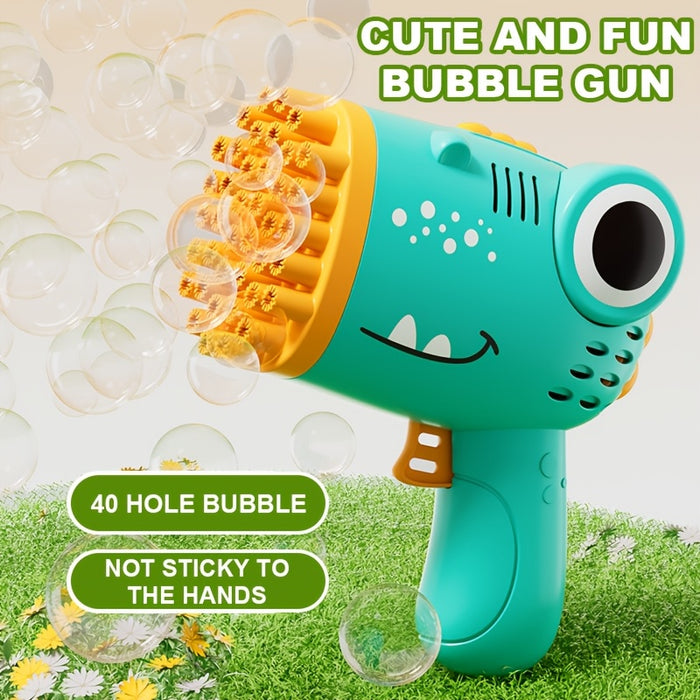 40 Holes Dinosaur Bubble Gun, Outdoor Bubble Machine Toys, Handheld Outdoor Bubble Gun Toys Seaside And Beach Accessories, Can Be Used As An Easter Gift with 10pcs Of Bubble Liquid, Best for Christmas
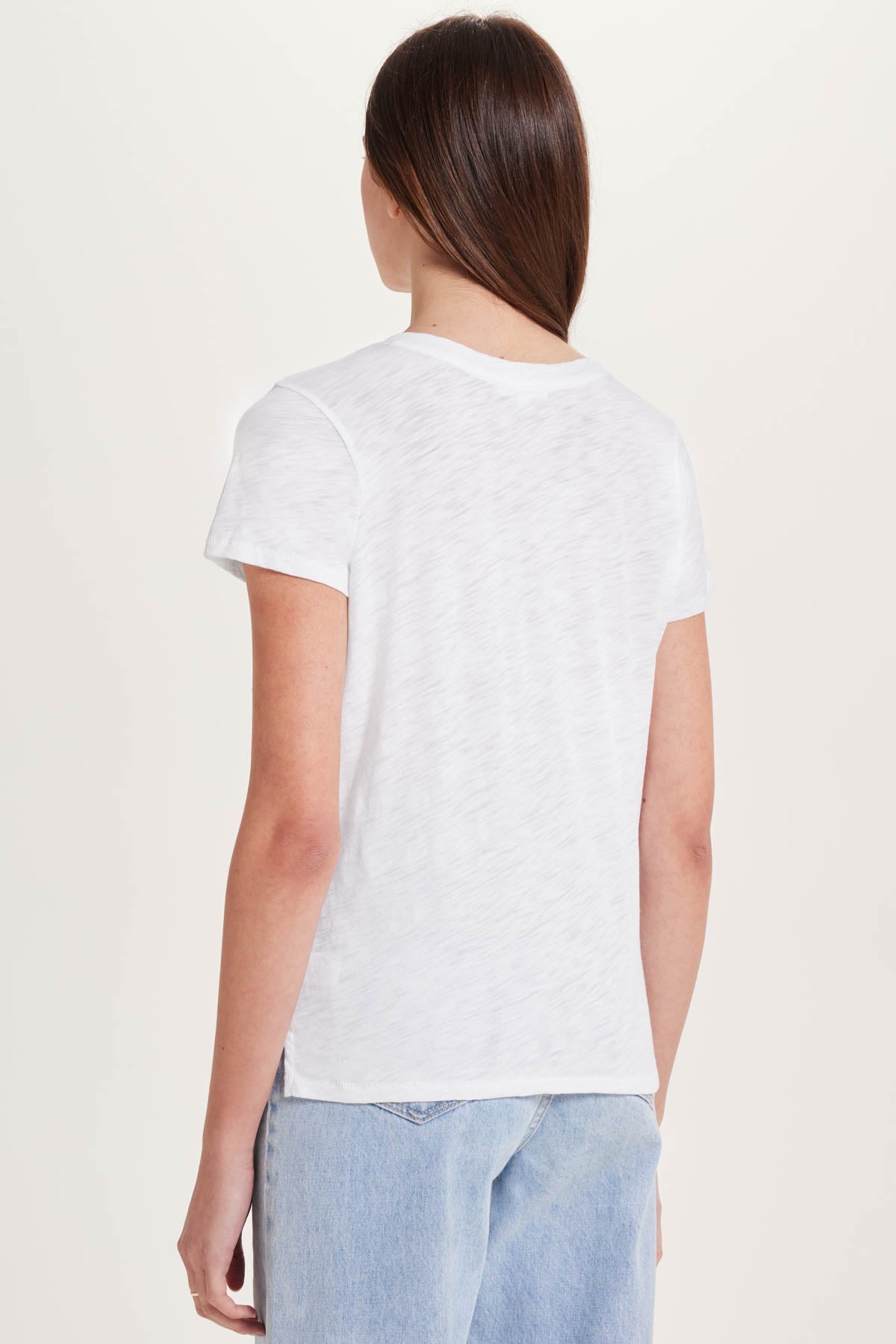 Signature Slub V Neck Boy Tee - Goldie LeWinter #color_white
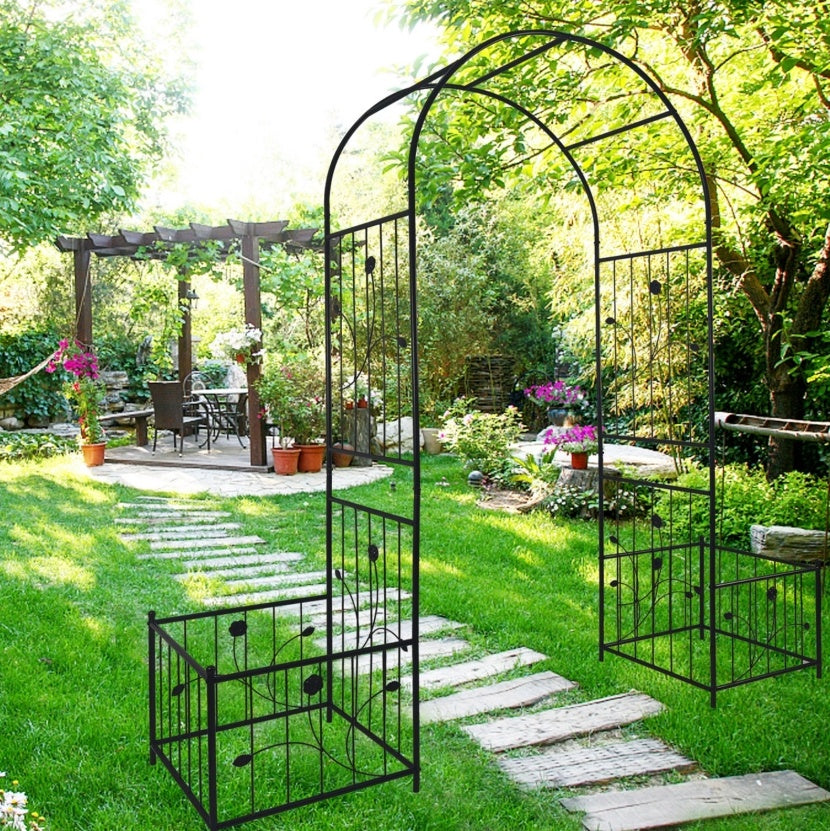 Metal Garden Arch With Plant Stands 79.5W X 86.6H Climbing Plants Rose Support - LaTezza Online Shop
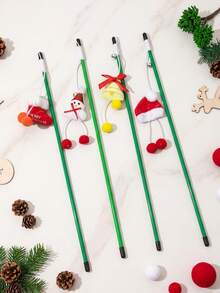 PETSIN 1 PC Christmas Cat Teaser With Cute Decoration Cat Toy - Multicolor - View 5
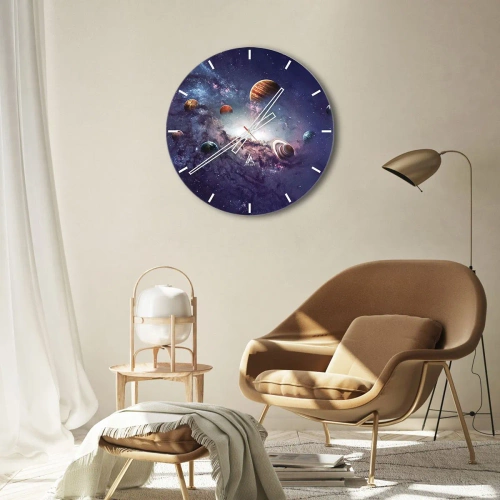Wandklok - Klok - Kleurrijke planeten zweven in een kosmische nevel - 30x30cm - Zonne-dans systeem - Moderne wanddecoratie voor woonkamer, keuken en slaapkamer ARTTOR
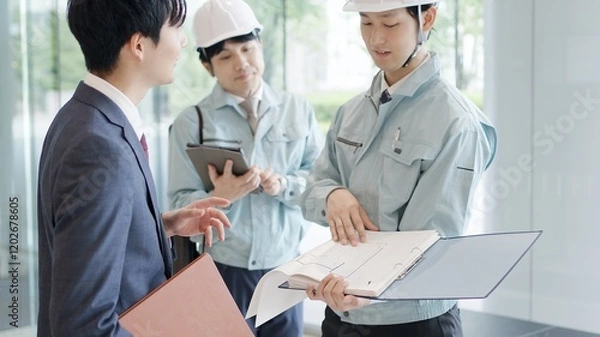 Obraz クライアントと打ち合わせをする作業服を着た男性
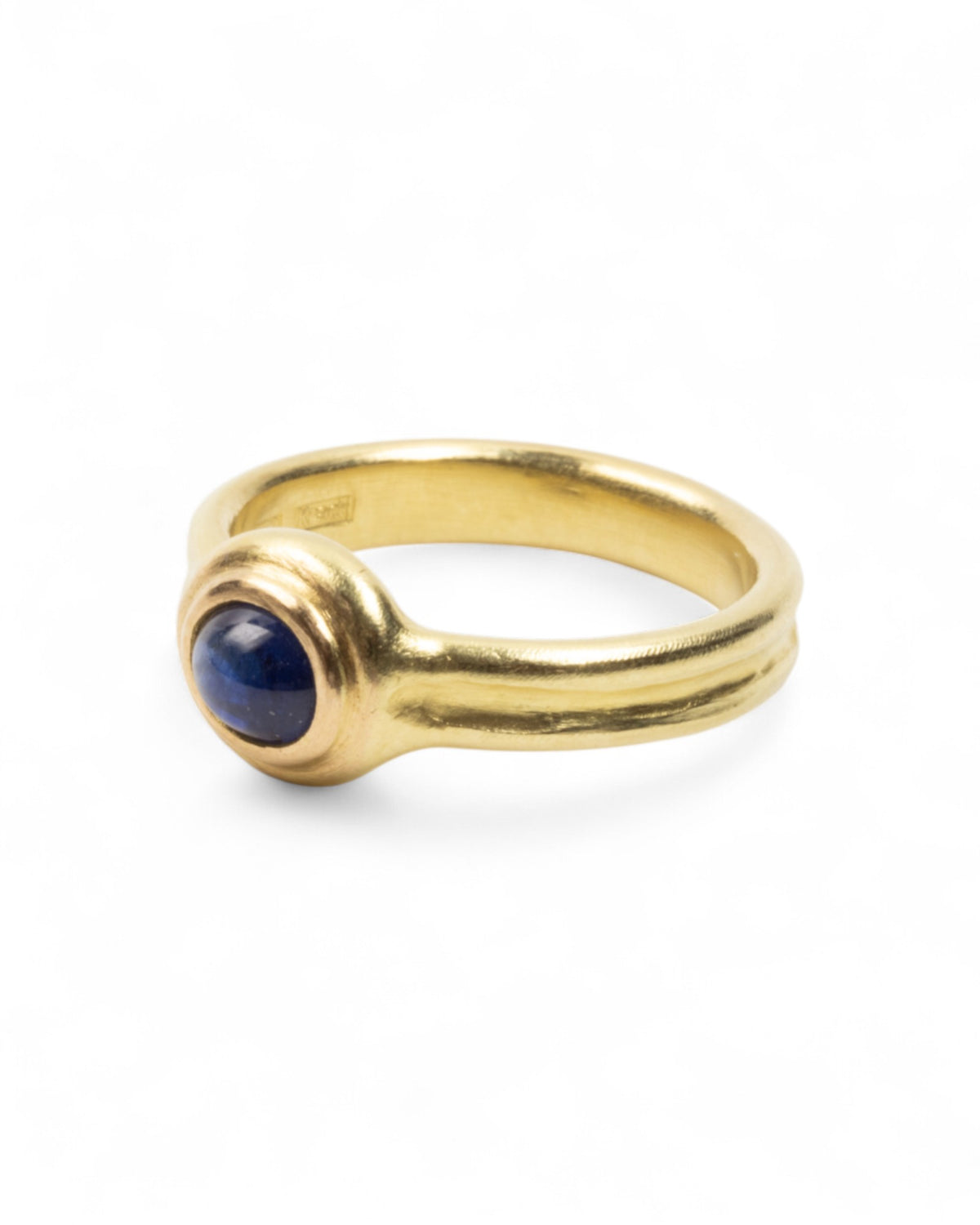 750 Goldring mit blauem Saphir (1.16 ct)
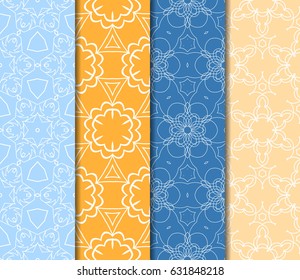 set of Modern abstract floral pattern. vector illustration. for invitation, fabric, wallpaper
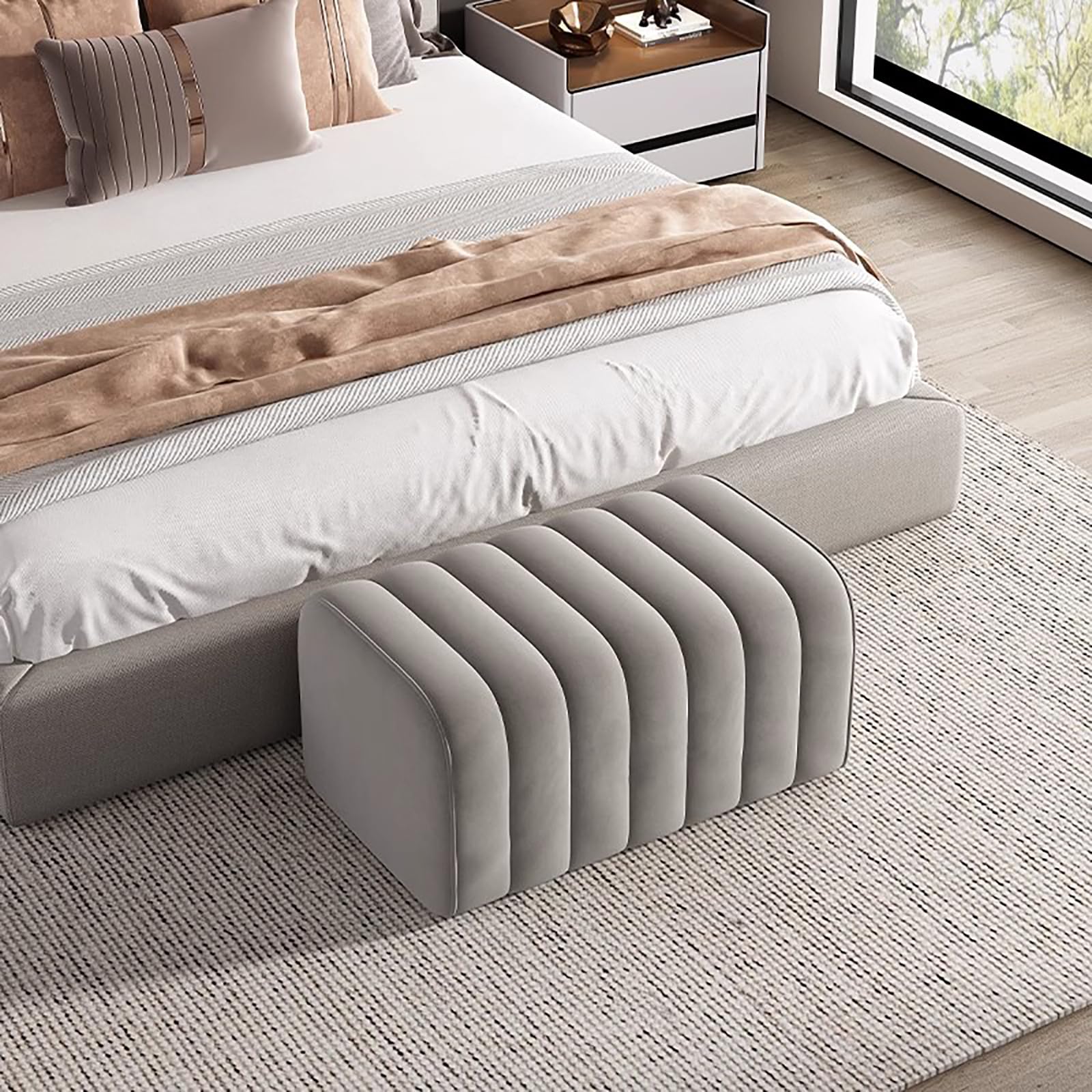 Banc de lit en velours pour soulager la fatigue et s'asseoir confortablement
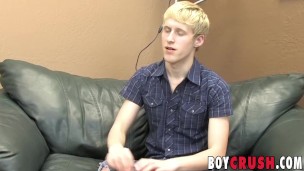 Blonde twink Aiden Ash hot dildo drilling while jerking off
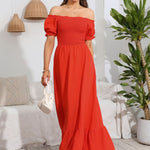 Smocked Off-Shoulder Maxi Dress
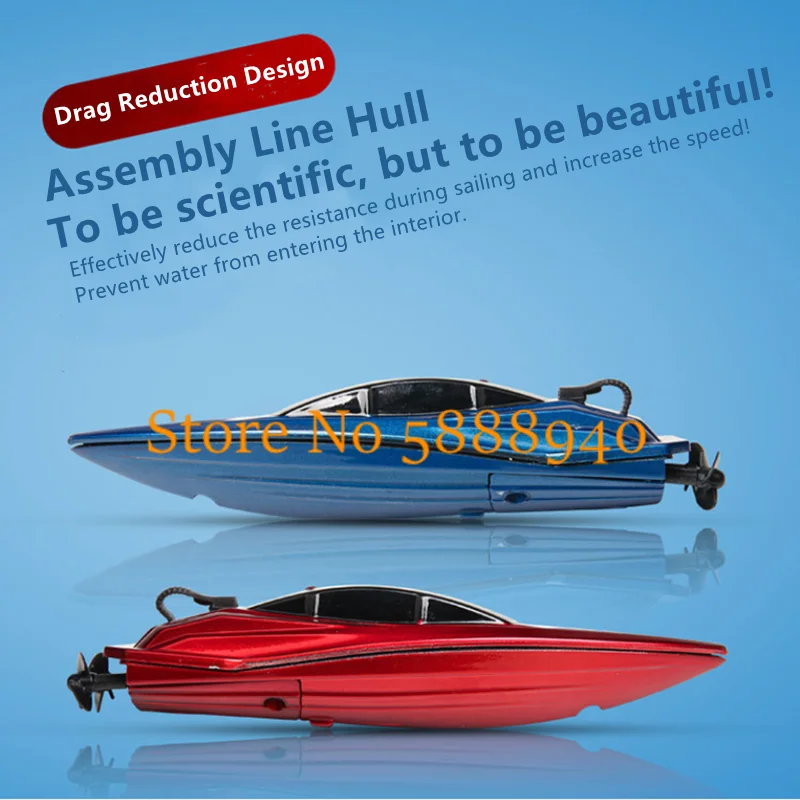 Mini remo con aceleración de un clic, accionamiento de Motor Dual, casco impermeable, advertencia de baja potencia, resistente a choques, barco de juguete con Control remoto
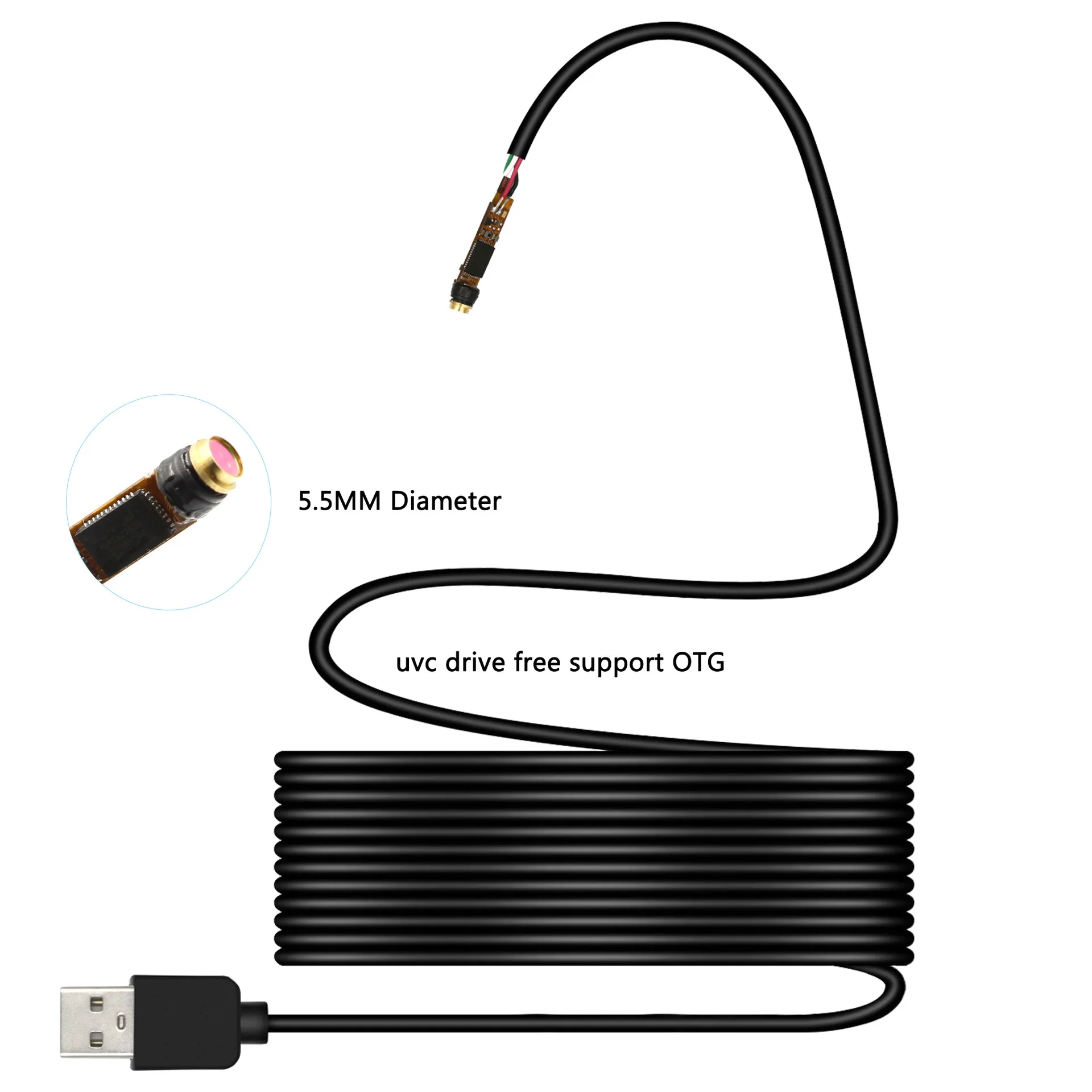 

OV2740 endoscope camera module FPC flexible flat cable tyep-c Android mobile phone ultra-fine endoscope 5.5mm IC chip integrated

■ ■ ■ ■

Work required -
Reproduce exactly the lines of the data above that run from the line with "Metal Garden Arch" down to the line with "750 Goldring mit blauem Saphir (1.16 ct)", both ends included. Pictures do not belong in the copy.

The answer -
 Metal Garden Arch With Plant Stands 79.5W X 86.6H Climbing Plants Rose Support - LaTezza Online Shop
 PETSIN 1 PC Christmas Cat Teaser With Cute Decoration Cat Toy - Multicolor - View 5
Wandklok - Klok - Kleurrijke planeten zweven in een kosmische nevel - 30x30cm - Zonne-dans systeem - Moderne wanddecoratie voor woonkamer, keuken en slaapkamer ARTTOR
 Obraz クライアントと打ち合わせをする作業服を着た男性
 750 Goldring mit blauem Saphir (1.16 ct)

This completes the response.